There is no cure for OA or RA. But OA and RA can be managed. The goals of treatment for OA and RA are to decrease the pain and allow the patient to live a normal life. These diseases are treated using a variety of approaches to meet these goals.

  • Medications: Medications can help relieve the joint pain and allow for normal – or more normal – movement. Acetaminophen, ibuprofen, Celebrex® and glucosamine-chondroitin are drugs that are commonly used to treat OA and RA. Some people like to use topical creams, but there is no proof that the over-the-counter creams are effective. Occasionally, for severe cases of OA or RA, a physician can inject medications that reduce inflammation directly into the joint.

  • Lifestyle changes: There is no special diet required for people with OA or RA. People with OA or RA that are overweight can definitely benefit from losing weight.

  • Physical therapy and exercise: Physical therapy and exercise are useful for patients with OA and RA. Physical therapy involves, systematic and planned stretching and exercise that proceeds slowly and step by step. This can help the joints become looser, less painful, and help the patient function. Exercise strengthens the muscles that support the affected joints.

  • Surgery: There are some surgical techniques that can be used to treat OA and RA.

Learning Break: People with OA and RA have joints that are painful and have limited range of motion. It’s perfectly natural in that situation to limit activity. However, this weakens the muscles supporting the joints. That puts more stress on the joints and damages the joint even further.
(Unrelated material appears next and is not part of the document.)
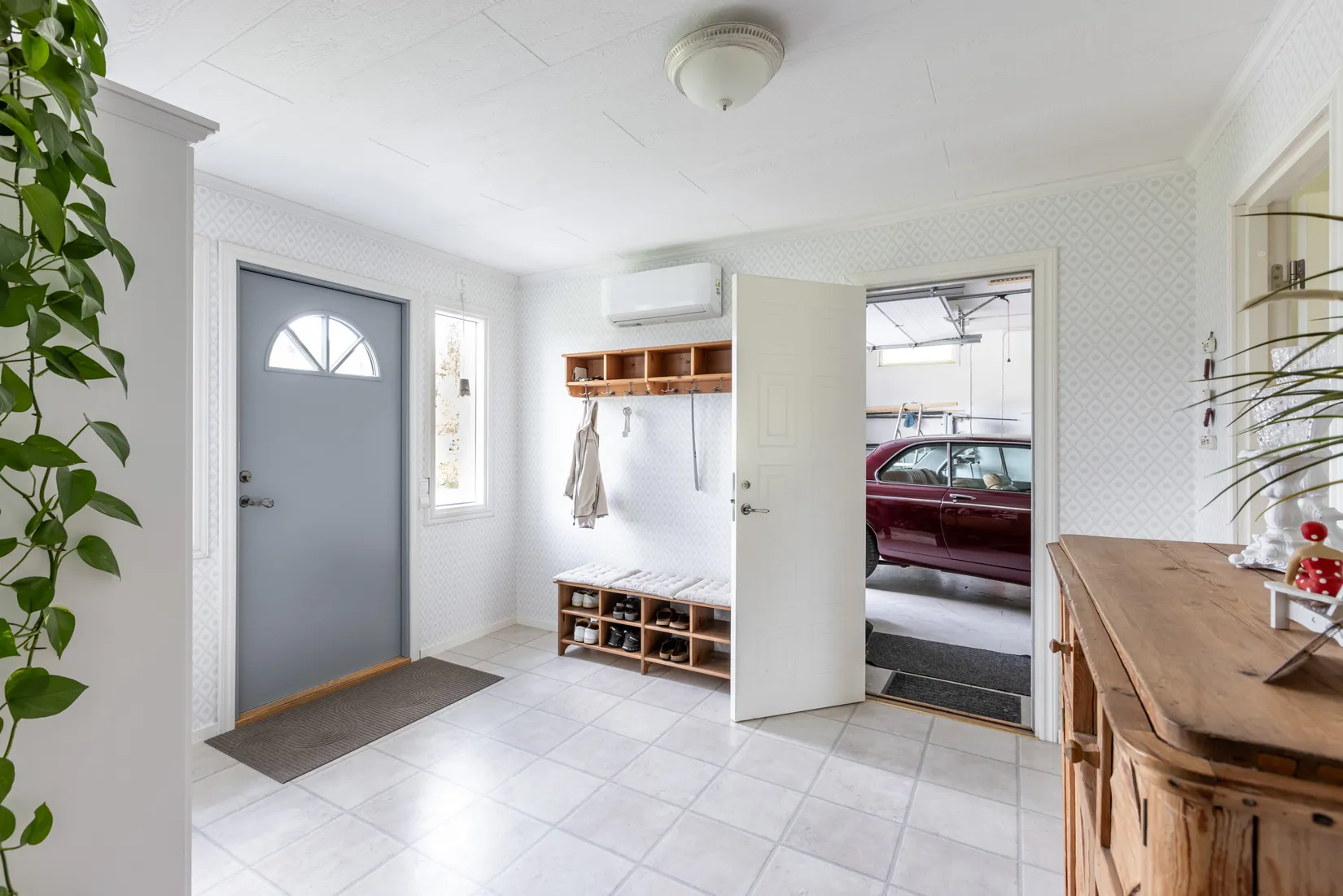 Villa, Penglund 116, Vännäs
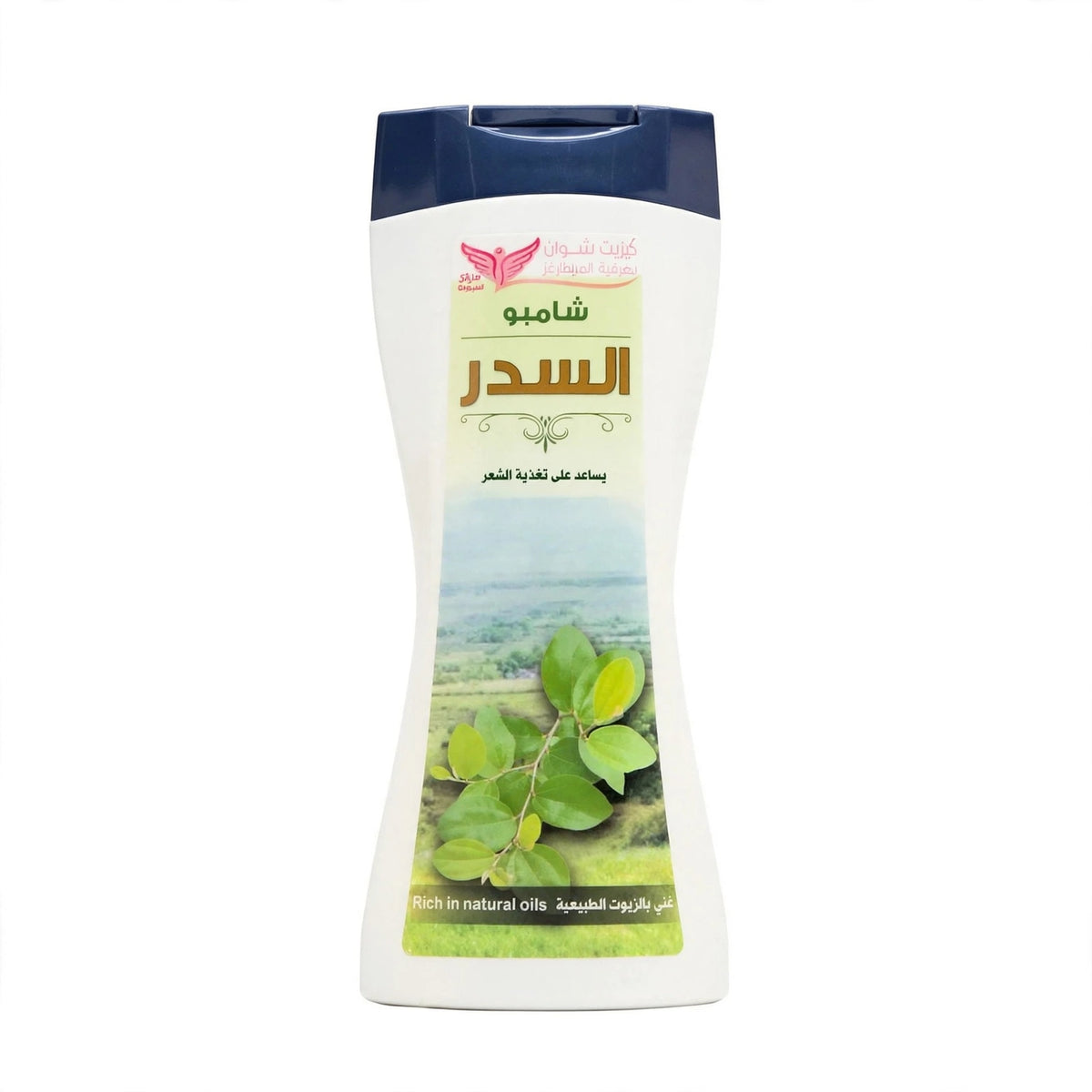 Kuwait Shop Sidr Herbal Shampoo 450ml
Although many people with OA and RA find exercise difficult and uncomfortable, every effort should be made to encourage these people to follow the exercise program prescribed by the physician and the physical therapist.
It is not difficult to work with a patient with OA or RA. It does require some patience and a basic understanding of these diseases. Perhaps the most important issue to remember is that the person with OA and RA many times cannot perform physical tasks that are very simple, physical tasks that you and I can do without thinking. Also, there may be times when the person with OA and RA can do what he/she wants to do, but it takes that person time to prepare for the activity and it takes that person much longer to accomplish the activity. And a large area of responsibility you will have as a CNA working with someone who has OA or RA is the area of physical activity, e.g., movements, transfers, etc.

So in order to make the experience successful for you and the patient, work with the patient and make plans. This is vital. Make a plan – with the patient’s input – for every physical activity. If you make plans for physical activities with the patient’s input, the activity will be accomplished much smoother and with a minimal amount of pain and frustration.